→ **Brief descriptive captions**
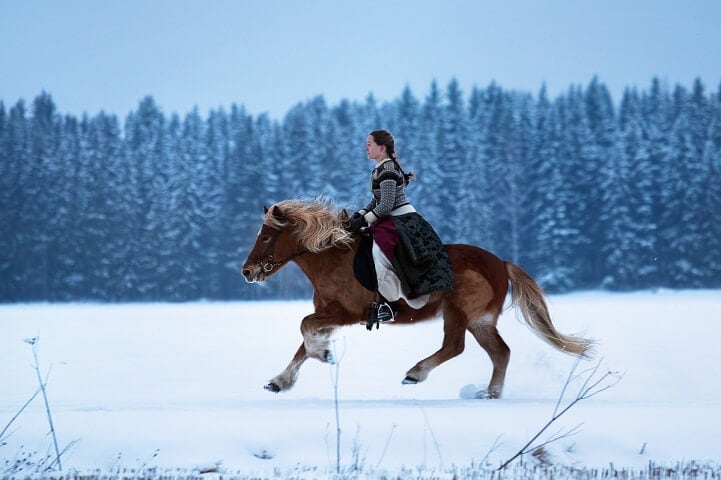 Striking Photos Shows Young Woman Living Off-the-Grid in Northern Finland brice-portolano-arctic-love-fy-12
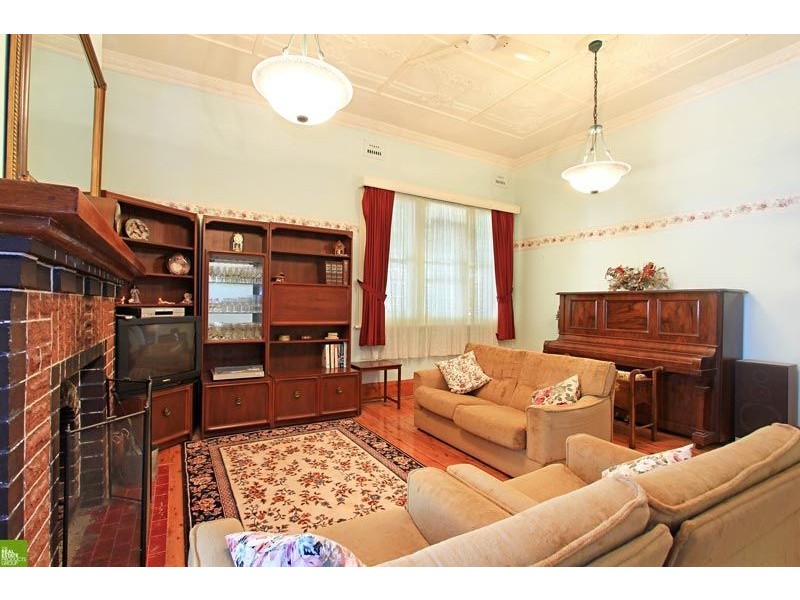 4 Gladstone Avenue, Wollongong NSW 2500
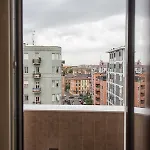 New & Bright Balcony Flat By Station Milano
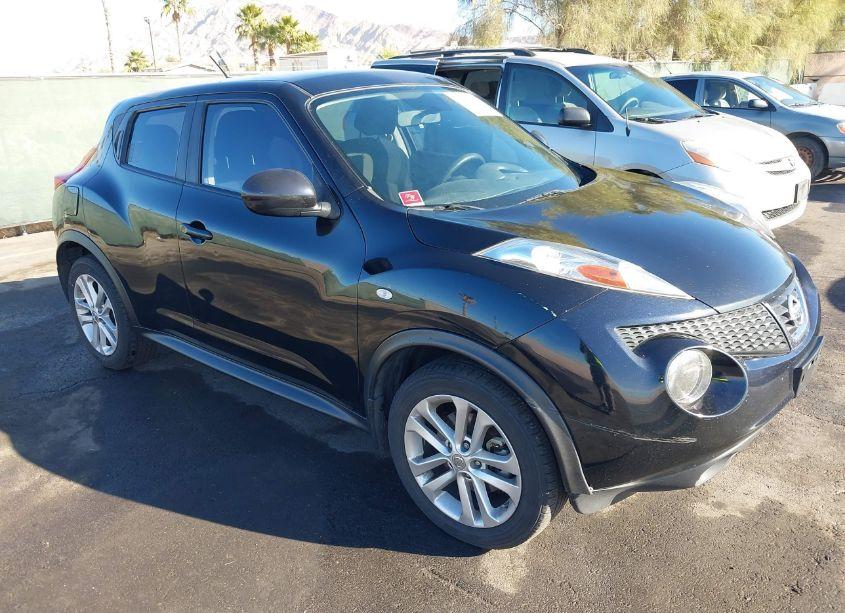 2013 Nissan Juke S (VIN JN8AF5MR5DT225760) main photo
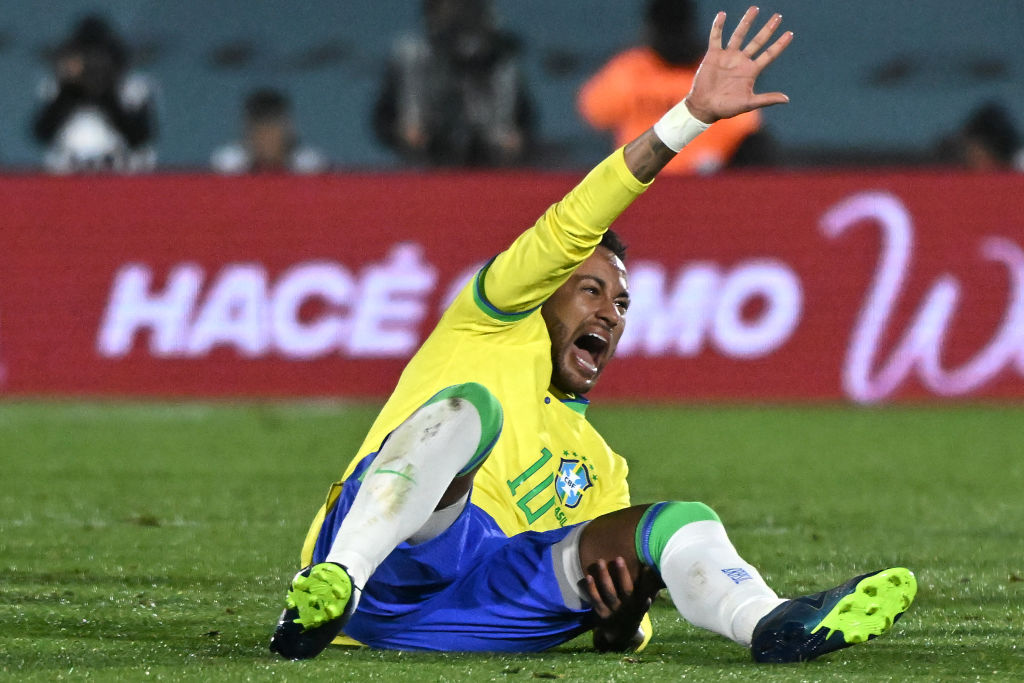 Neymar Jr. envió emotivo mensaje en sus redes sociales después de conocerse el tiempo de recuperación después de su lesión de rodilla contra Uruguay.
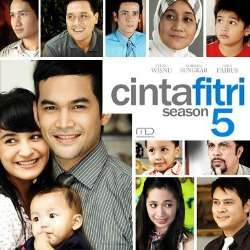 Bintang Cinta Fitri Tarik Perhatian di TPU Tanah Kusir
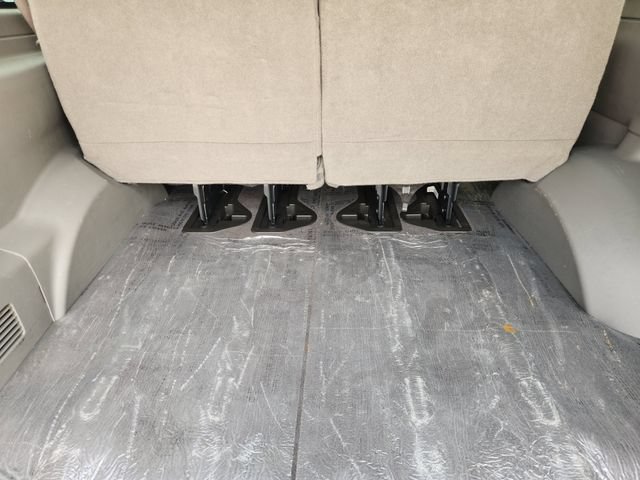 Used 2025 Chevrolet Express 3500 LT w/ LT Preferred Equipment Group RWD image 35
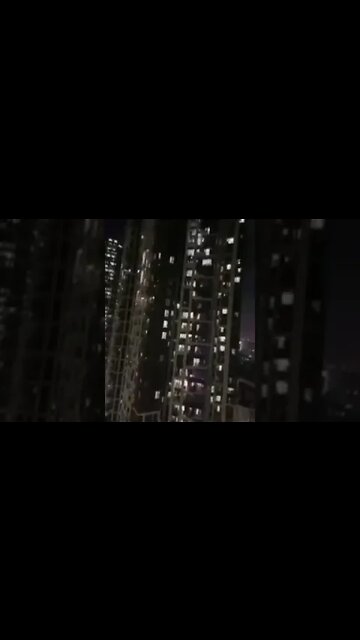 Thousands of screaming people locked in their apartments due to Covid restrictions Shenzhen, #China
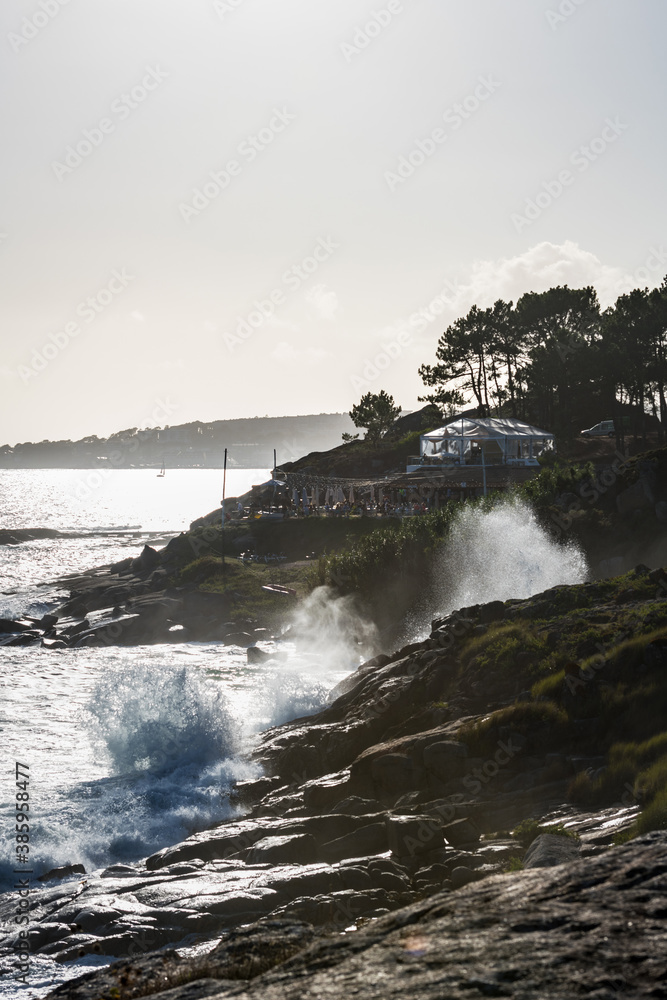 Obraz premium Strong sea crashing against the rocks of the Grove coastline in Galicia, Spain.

→ **EXERCISE DIRECTIONS**
An exact restatement is expected of the lines from the line containing "New & Bright Balcony Flat By Station Milano" to the end of the data above, pictures excluded.

→ **YOUR SOLUTION**
 New & Bright Balcony Flat By Station Milano
 2013 Nissan Juke S (VIN JN8AF5MR5DT225760) main photo
 Neymar Jr. envió emotivo mensaje en sus redes sociales después de conocerse el tiempo de recuperación después de su lesión de rodilla contra Uruguay.
 Bintang Cinta Fitri Tarik Perhatian di TPU Tanah Kusir
 Used 2025 Chevrolet Express 3500 LT w/ LT Preferred Equipment Group RWD image 35
 Thousands of screaming people locked in their apartments due to Covid restrictions Shenzhen, #China
 Obraz premium Strong sea crashing against the rocks of the Grove coastline in Galicia, Spain.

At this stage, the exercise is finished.